**RECORDED INFORMATION**

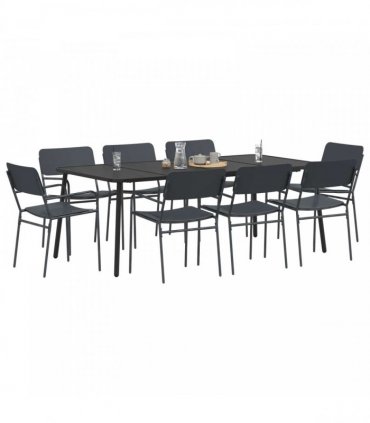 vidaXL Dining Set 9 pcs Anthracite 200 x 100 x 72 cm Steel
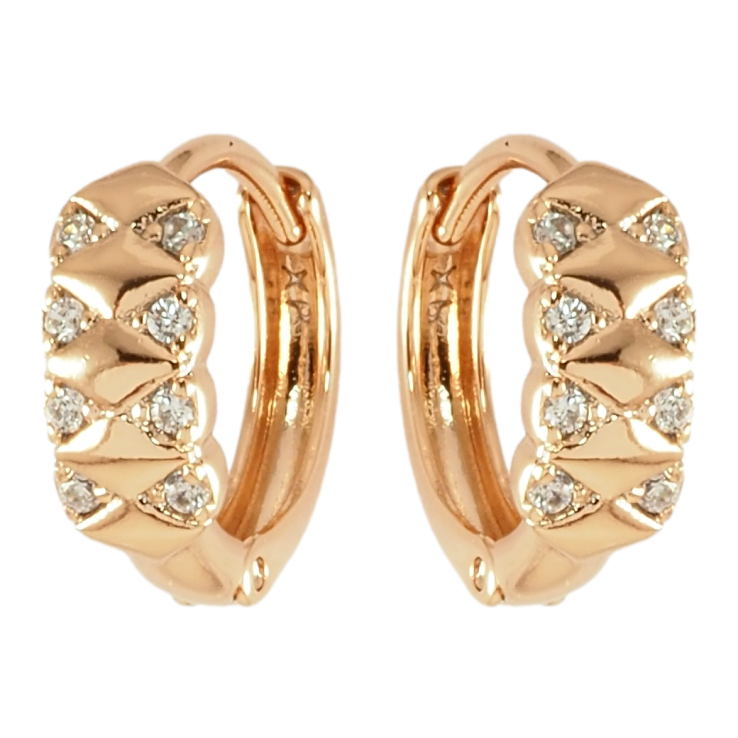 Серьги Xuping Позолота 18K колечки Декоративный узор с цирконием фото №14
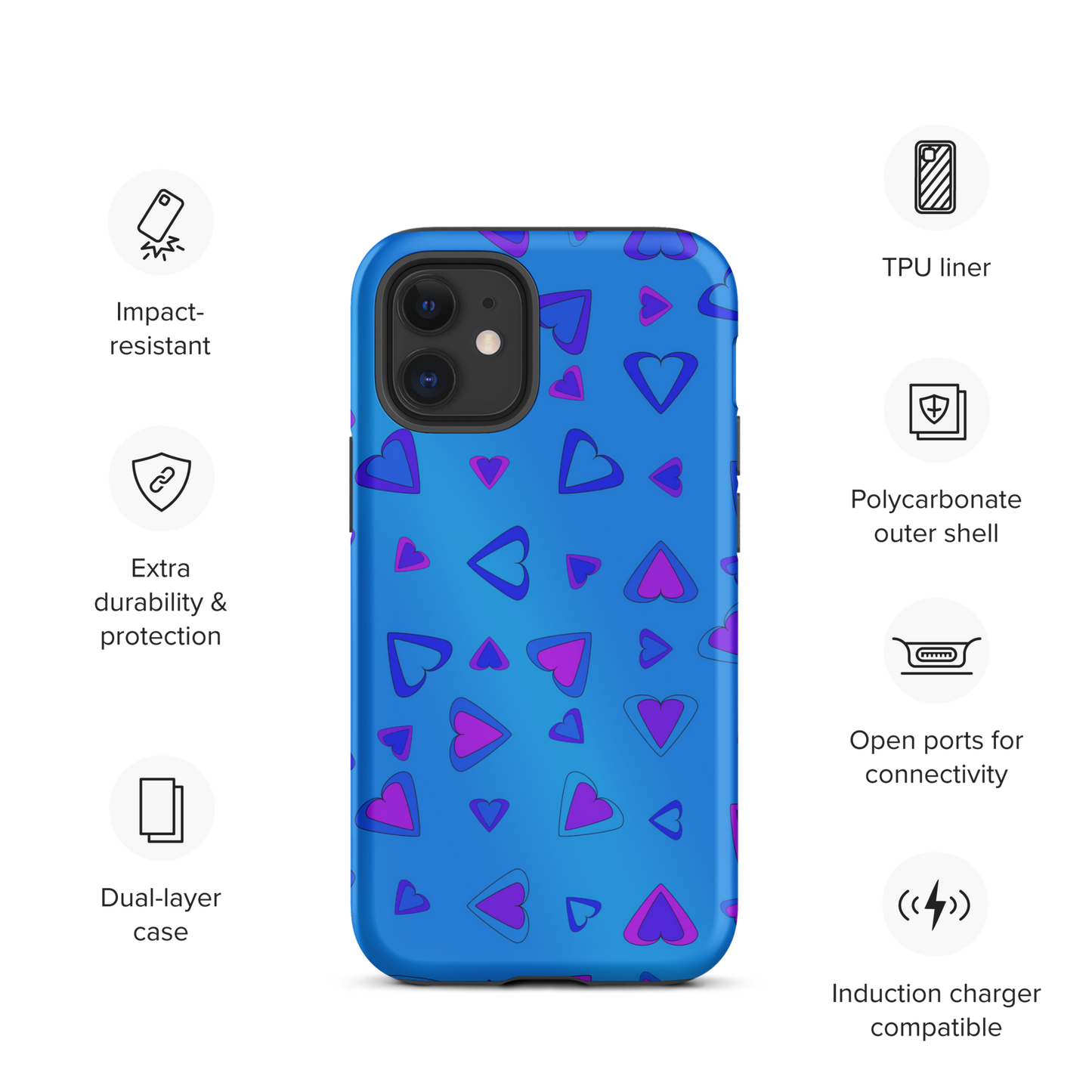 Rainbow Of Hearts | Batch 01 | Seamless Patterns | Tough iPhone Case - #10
==
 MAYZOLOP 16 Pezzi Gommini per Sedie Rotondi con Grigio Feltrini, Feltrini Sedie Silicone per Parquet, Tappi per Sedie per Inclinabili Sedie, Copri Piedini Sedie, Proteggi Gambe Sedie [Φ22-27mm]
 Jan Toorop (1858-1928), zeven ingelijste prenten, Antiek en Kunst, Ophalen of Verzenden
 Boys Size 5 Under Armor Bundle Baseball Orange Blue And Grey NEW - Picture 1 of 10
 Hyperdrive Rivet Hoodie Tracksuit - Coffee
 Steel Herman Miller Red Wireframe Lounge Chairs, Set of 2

**WORK ITEM**
Could you set down, exactly as written, the lines above between the one holding "Jan Toorop (1858-1928), zeven" and the one holding "Steel Herman Miller", inclusive, and nothing more?

**RESULT OF THE EXERCISE**
 Jan Toorop (1858-1928), zeven ingelijste prenten, Antiek en Kunst, Ophalen of Verzenden
 Boys Size 5 Under Armor Bundle Baseball Orange Blue And Grey NEW - Picture 1 of 10
 Hyperdrive Rivet Hoodie Tracksuit - Coffee
 Steel Herman Miller Red Wireframe Lounge Chairs, Set of 2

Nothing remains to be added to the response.